Data:
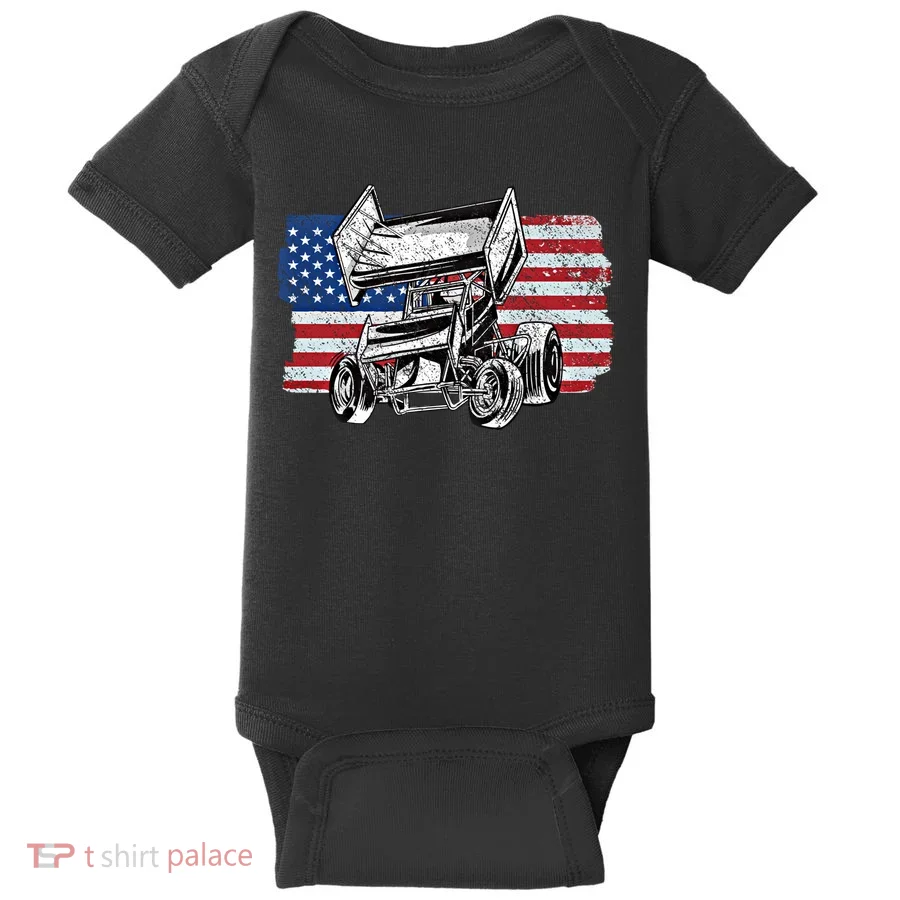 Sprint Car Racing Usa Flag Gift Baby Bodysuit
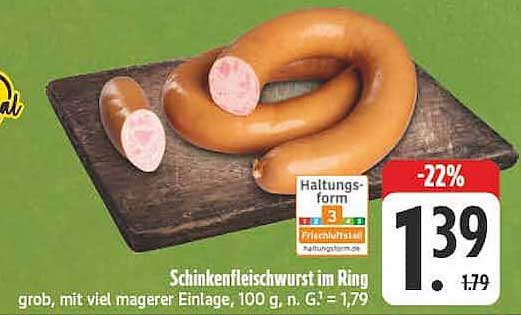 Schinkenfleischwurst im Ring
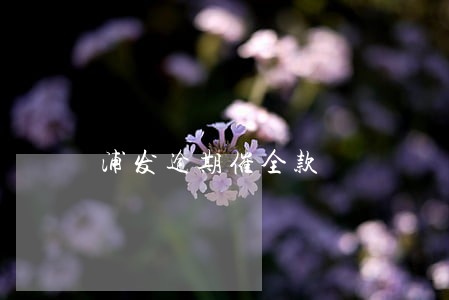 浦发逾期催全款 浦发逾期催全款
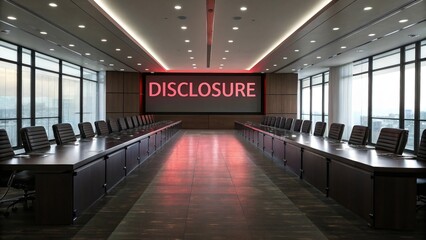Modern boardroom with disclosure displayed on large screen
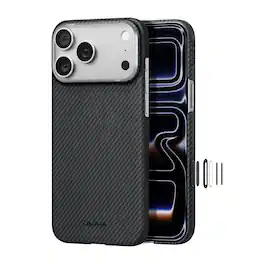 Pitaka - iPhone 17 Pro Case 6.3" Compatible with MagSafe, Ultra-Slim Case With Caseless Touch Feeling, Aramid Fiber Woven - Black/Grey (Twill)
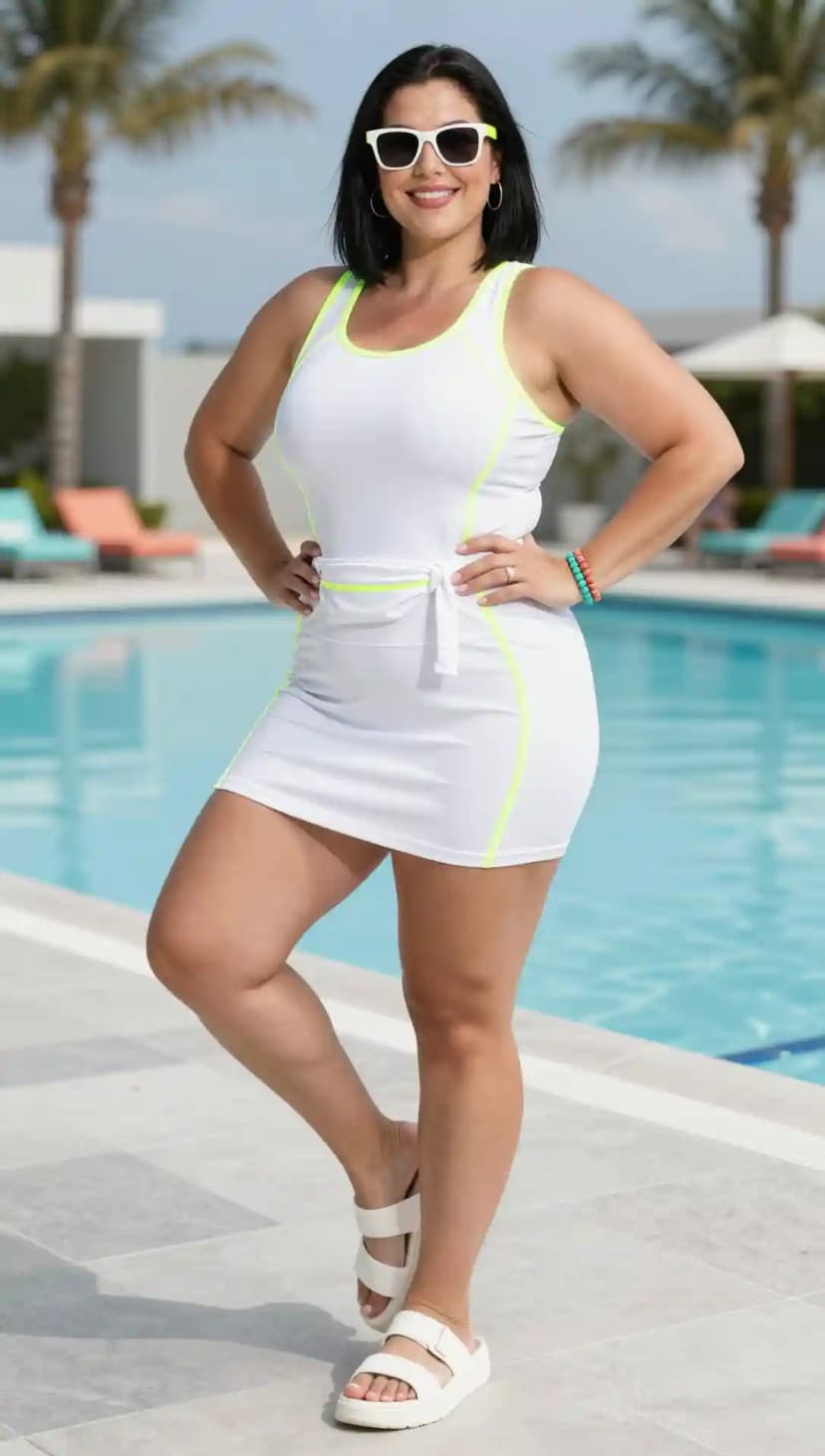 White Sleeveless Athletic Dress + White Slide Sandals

Goal of the exercise: All of the entries must be reproduced exactly, with no pictures kept.

Answer to the exercise:
 Sprint Car Racing Usa Flag Gift Baby Bodysuit
 Schinkenfleischwurst im Ring
 浦发逾期催全款 浦发逾期催全款
Modern boardroom with disclosure displayed on large screen
 Pitaka - iPhone 17 Pro Case 6.3" Compatible with MagSafe, Ultra-Slim Case With Caseless Touch Feeling, Aramid Fiber Woven - Black/Grey (Twill)
 White Sleeveless Athletic Dress + White Slide Sandals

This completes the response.